» What you need to do: Copy out exactly the stretch below, from the line with "Pantalones cortos con" through the line with "EXCLU WEB Console", both included; the pictures stay out.

[[ The records, beginning ]]

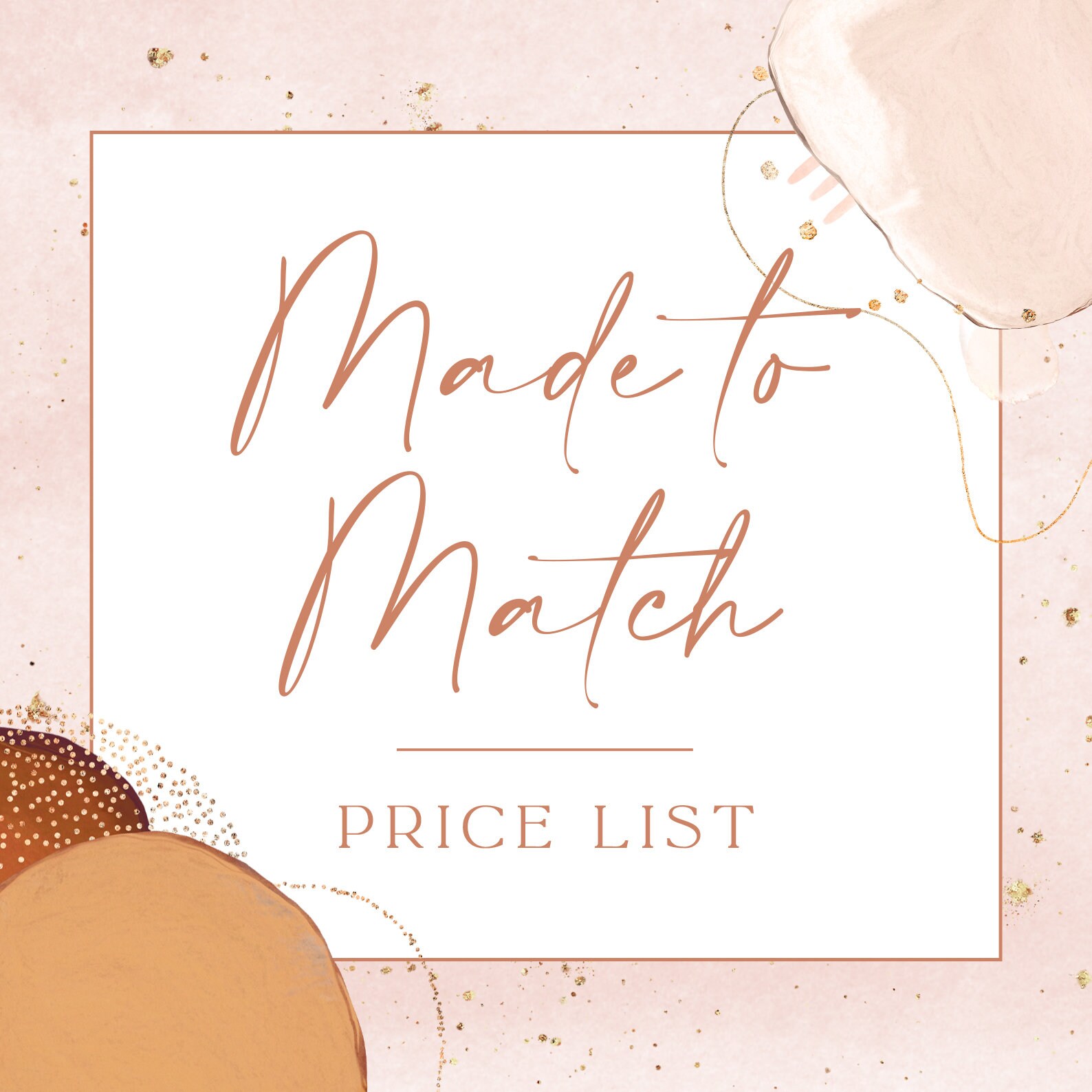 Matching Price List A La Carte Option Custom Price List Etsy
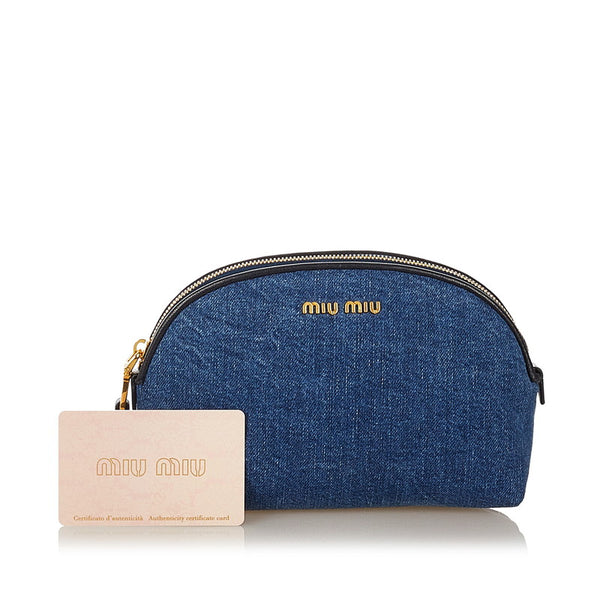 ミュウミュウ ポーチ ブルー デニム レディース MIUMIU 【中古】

[[ The records, end ]]
[[ The records, beginning ]]

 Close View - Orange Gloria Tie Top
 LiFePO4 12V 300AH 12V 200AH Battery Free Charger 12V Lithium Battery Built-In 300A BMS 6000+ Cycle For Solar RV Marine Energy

[[ The records, end ]]
[[ The records, beginning ]]

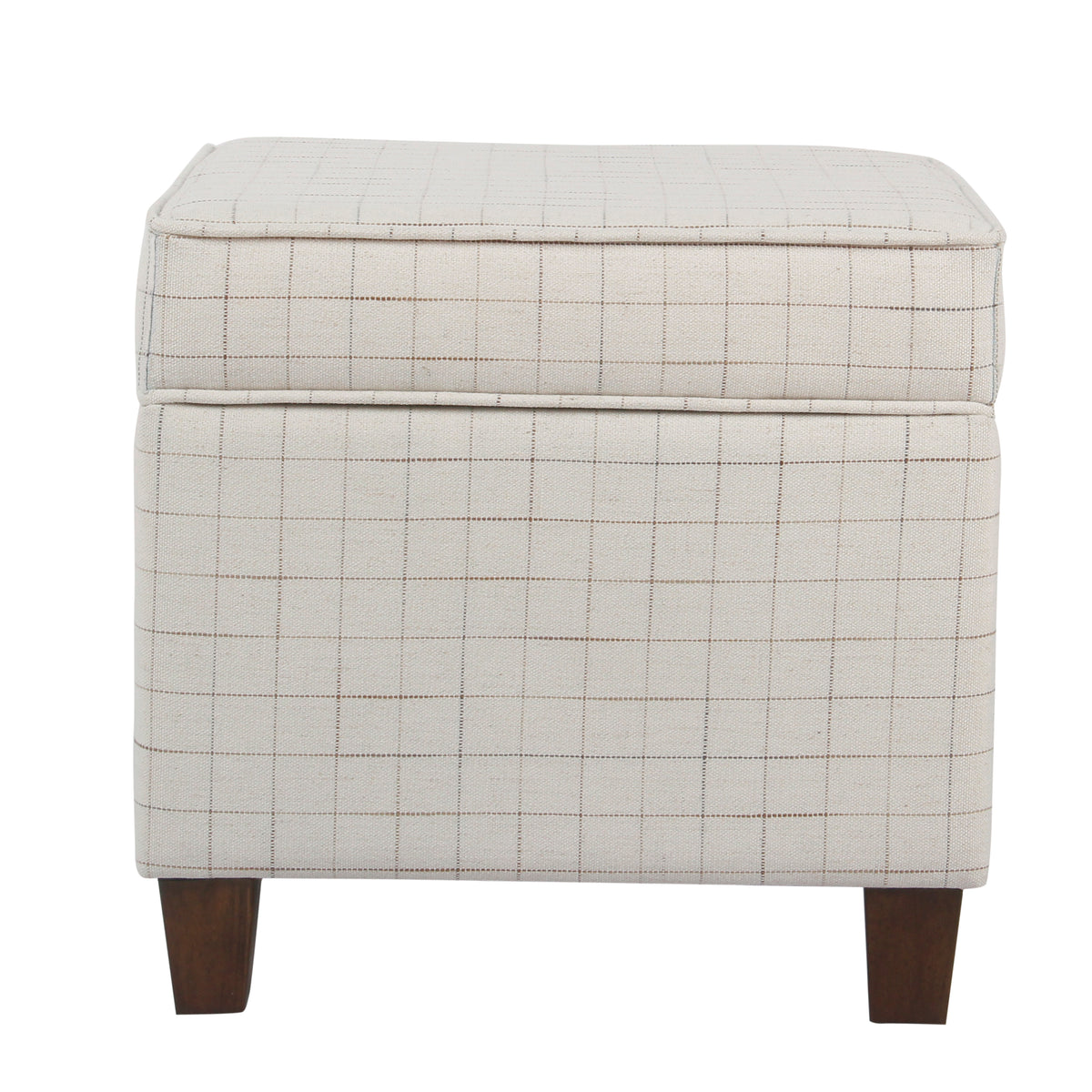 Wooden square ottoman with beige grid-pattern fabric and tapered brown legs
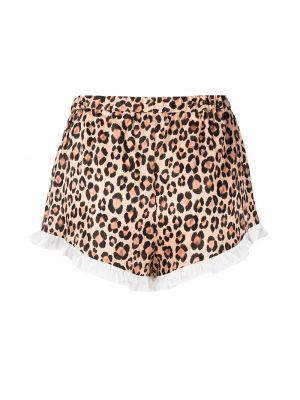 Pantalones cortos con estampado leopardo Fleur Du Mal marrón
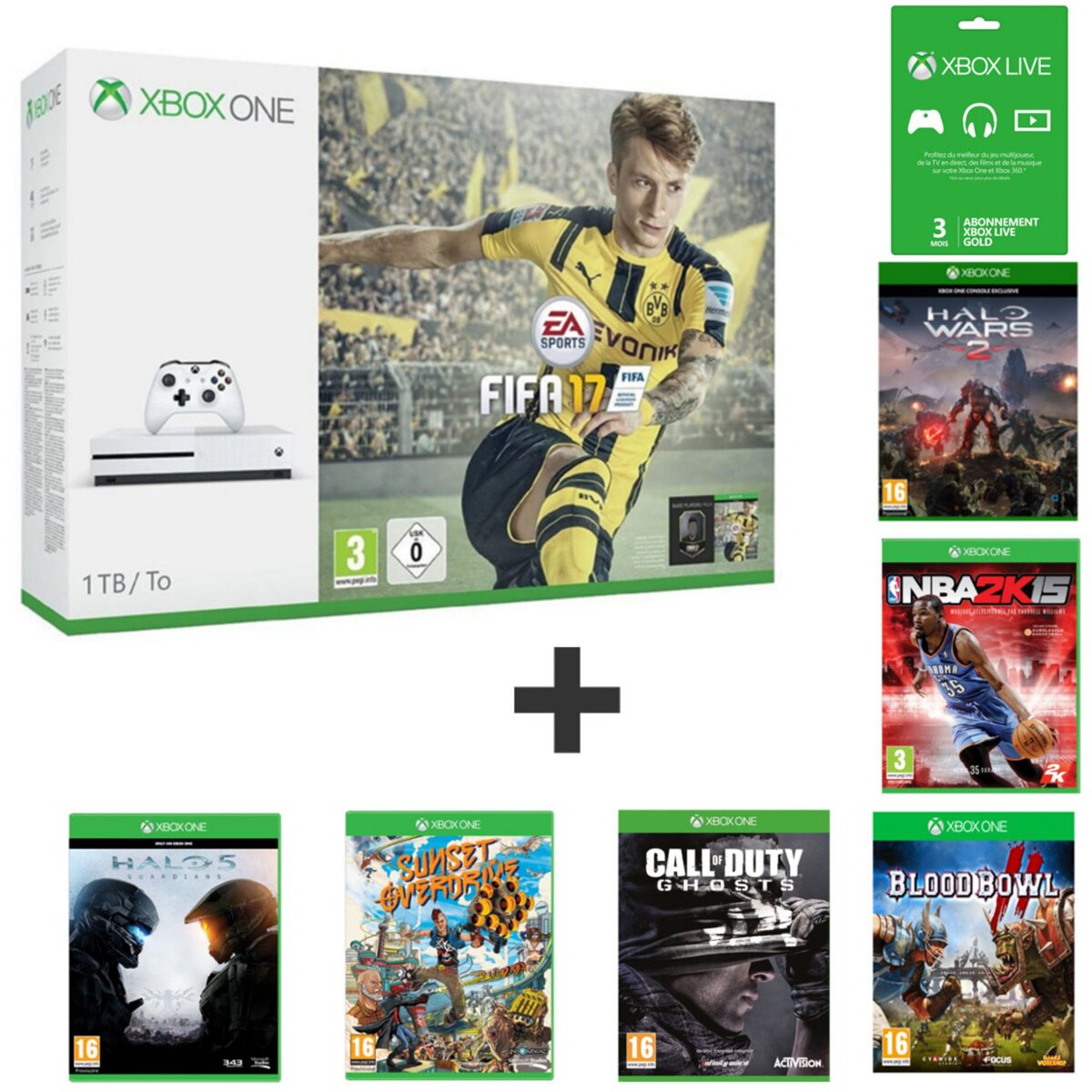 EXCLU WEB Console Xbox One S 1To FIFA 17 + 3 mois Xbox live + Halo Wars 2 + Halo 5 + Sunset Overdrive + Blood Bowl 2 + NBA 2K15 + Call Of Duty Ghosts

[[ The records, end ]]

» Answer:
 Pantalones cortos con estampado leopardo Fleur Du Mal marrón
 EXCLU WEB Console Xbox One S 1To FIFA 17 + 3 mois Xbox live + Halo Wars 2 + Halo 5 + Sunset Overdrive + Blood Bowl 2 + NBA 2K15 + Call Of Duty Ghosts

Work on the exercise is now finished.